# Cherubini's String Quartets



## Novelette

If you are familiar with these works, which quartet do you like the most? Why?

Also, which recordings do you like the most?


----------



## Novelette

#2 is an interesting quartet, being the D Major Symphony rewritten for quartet. There are a few major differences between the symphony and the later quartet version, though. The second movement was completely new, and the second-violin was substantially altered to improve the harmonic and melodic flow--it was surely difficult compressing the voices of a concert orchestra into four voices, but Cherubini did an excellent job.

Compare, especially, the first movements:


----------



## jurianbai

Yes it is a good cycle of six quartets. I even want to say the best from Italian region, along with the Bazzini's. No.3 in Dm is the sweet melody in the opening and my memorable moments.

The other minor key opening is no.6 in Am. Nice to listen paired with Tuscany sweet wine.


----------



## Novelette

Cherubini was a remarkably ingenious composer. In his treatise on counterpoint, he successfully solved the canonic riddles left by Padre Martini. I've had a look at those canons and all I can say about Cherubini's answers is: WOW!

We could confidently declare Cherubini among the greatest harmonists and contrapuntists of the 19th century, I don't think this is at all an exaggeration. His chamber music, his operas, his sacred music--all are first-rate works. Beethoven's praise was more than justified, as was the admiration of later composers such as Mendelssohn, Schumann, Brahms, Saint-Saens, and even that composer who neither liked nor was liked by Cherubini, Hector Berlioz.

In addition, I understand that Mendelssohn was the only composer whom Cherubini openly praised--despite his friendships with Rossini and Chopin. _That_ is especially high praise.


----------



## ProudSquire

To be honest, I was only familiar with Cherubini's string quintet and his string quartets 1-3, which I like quite a bit, but over the weekend I went ahead and listened to all of them. The quartets struck me as genuinely original and full of drama. The ones that enjoyed very much were number 3 in D minor and number 6 in A minor.

Cherubini's mastery of polyphony is quite evident throughout the quartets, which was surprisingly refreshing. His use of counterpoint is masterful to say the least, but I particularly enjoyed the that fact that his counterpoint wasn't as dense or as ambiguous as I thought it would be. I also appreciated his use of thematic material, which at times was incredibly playful, like in his 4th quartet. 

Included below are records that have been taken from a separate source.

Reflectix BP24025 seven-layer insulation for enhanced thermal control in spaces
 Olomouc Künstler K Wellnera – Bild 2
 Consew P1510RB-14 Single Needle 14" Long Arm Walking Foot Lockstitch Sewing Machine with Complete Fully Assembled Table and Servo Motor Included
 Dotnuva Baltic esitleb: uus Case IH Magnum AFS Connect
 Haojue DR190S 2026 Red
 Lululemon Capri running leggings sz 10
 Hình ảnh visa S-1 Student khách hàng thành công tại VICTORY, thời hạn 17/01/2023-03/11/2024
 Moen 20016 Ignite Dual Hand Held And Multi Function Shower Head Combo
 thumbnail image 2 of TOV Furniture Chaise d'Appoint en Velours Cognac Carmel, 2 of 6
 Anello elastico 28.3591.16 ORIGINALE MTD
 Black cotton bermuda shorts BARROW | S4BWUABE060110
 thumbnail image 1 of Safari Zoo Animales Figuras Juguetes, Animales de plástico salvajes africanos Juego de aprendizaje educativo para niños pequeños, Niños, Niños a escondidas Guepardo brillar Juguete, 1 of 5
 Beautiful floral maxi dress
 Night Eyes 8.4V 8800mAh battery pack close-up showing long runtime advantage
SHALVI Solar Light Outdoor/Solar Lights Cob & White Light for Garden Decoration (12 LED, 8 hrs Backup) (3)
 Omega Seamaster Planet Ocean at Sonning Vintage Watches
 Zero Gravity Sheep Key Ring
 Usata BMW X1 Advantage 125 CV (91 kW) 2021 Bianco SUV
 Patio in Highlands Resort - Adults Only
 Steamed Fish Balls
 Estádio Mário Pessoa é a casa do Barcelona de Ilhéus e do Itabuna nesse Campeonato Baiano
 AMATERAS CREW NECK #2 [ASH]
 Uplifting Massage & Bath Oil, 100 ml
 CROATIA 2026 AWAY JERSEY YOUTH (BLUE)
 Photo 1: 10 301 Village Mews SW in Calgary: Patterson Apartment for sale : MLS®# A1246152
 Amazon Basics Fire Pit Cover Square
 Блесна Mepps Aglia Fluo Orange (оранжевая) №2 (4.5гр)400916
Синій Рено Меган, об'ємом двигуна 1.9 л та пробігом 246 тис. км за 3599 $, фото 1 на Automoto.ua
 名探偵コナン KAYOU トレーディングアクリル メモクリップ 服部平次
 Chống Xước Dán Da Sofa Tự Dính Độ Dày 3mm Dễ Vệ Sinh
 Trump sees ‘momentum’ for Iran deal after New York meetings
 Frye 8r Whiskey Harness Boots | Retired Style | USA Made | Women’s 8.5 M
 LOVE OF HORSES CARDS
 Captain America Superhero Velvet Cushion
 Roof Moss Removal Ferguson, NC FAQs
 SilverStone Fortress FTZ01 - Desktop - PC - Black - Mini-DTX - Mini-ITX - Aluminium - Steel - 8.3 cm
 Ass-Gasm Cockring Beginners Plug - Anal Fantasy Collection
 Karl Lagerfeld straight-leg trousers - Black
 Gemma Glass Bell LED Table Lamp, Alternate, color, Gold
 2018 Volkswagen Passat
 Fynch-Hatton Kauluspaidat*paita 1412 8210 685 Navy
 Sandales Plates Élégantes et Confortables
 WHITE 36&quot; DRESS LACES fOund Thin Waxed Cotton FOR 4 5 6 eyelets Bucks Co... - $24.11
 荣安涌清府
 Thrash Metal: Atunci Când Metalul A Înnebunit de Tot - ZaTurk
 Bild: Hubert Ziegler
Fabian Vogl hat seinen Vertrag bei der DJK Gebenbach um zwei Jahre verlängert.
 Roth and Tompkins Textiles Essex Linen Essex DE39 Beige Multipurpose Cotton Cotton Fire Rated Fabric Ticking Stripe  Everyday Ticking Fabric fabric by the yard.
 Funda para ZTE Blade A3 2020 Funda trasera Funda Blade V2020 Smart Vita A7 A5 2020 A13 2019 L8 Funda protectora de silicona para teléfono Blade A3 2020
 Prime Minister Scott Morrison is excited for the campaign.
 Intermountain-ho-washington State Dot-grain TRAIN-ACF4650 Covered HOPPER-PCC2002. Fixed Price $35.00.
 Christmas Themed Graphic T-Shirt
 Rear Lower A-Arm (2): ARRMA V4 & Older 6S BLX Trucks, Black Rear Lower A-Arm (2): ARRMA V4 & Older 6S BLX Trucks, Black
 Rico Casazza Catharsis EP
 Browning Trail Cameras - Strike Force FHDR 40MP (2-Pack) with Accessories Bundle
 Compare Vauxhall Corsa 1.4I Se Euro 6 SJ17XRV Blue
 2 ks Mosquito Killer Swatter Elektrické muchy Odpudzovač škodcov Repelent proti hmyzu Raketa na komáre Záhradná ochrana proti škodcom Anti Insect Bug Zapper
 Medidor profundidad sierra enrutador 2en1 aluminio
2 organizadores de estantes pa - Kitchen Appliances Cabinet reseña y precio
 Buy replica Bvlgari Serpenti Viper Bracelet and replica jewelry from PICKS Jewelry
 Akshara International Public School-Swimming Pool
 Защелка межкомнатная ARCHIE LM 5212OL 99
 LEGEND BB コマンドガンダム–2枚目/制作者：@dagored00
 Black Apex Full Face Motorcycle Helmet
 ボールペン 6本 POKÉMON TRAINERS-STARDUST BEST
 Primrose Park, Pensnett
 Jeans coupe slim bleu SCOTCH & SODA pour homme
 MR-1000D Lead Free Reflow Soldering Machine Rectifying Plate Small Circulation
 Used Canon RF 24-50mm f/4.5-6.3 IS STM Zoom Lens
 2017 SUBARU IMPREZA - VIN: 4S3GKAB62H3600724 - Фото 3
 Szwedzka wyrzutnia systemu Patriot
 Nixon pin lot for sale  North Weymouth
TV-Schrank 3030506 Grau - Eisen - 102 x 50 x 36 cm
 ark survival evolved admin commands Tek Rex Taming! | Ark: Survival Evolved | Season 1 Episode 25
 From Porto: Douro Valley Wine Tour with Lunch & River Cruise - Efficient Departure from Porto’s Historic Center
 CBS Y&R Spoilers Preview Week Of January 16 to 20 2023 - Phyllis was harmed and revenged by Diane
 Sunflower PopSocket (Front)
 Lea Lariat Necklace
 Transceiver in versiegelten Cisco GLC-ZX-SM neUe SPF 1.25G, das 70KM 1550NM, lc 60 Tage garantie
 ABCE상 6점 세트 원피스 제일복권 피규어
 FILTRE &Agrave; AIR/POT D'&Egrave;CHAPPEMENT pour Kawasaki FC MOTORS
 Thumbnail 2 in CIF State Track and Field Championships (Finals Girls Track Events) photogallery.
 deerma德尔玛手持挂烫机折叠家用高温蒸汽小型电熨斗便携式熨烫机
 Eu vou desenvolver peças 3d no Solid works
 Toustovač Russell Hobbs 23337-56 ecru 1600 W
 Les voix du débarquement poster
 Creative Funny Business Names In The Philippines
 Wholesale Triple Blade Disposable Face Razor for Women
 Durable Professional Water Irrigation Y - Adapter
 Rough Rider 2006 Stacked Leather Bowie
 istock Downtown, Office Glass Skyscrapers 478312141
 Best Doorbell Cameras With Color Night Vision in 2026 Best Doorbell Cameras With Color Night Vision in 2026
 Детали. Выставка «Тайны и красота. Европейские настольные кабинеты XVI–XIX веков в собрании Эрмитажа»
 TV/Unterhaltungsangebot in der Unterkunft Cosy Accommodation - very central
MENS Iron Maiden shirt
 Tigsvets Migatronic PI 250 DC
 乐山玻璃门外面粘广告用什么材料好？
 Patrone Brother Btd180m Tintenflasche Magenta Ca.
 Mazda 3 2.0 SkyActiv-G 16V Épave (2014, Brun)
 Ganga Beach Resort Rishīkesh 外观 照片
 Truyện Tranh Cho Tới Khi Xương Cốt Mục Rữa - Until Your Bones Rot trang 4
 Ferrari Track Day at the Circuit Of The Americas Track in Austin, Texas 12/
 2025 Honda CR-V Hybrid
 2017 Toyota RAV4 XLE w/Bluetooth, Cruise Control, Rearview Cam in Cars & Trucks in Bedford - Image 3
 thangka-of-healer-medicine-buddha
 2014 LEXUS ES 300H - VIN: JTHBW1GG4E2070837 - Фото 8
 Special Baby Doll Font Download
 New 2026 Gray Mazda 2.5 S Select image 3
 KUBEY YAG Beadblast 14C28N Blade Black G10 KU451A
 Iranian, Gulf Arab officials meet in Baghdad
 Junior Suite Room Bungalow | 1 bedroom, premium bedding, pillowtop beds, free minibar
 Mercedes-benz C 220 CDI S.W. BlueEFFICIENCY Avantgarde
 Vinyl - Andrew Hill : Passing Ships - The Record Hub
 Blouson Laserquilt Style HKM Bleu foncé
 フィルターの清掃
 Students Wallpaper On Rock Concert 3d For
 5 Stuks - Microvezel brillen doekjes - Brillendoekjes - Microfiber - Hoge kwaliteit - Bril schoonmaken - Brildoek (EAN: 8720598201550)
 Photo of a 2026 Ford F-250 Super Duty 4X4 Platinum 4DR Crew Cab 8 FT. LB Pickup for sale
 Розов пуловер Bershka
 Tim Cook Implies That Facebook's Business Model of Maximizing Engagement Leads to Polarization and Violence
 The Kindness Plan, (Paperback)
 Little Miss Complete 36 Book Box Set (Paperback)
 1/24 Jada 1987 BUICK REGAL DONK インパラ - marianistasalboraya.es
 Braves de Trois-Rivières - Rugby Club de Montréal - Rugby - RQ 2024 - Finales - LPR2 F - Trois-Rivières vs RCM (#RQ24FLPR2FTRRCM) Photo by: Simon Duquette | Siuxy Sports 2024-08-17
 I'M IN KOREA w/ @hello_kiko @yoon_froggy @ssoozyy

I think the quartets as a whole are well crafted and represent something new and refreshing, at least to me. I'm more likely to revisit them again, then not. :tiphat:


----------



## Novelette

The quintet is elusive. I have only seen one recording of it in existence, although there may be more. Which do you have?

I've read over the score a few times, and I know that it's a masterpiece. I would love to hear it.


----------



## ProudSquire

Sadly I do not own any recordings of the quintet, but the one I heard, I actually hired from my college. I'm not sure if it's the same recording that's being offered on amazon at the moment, but I remember that it was quite remarkable.

You are right though, it's rather strange that recordings of the quintet are so scarce. Perhaps I'll order a copy before these are out of stock.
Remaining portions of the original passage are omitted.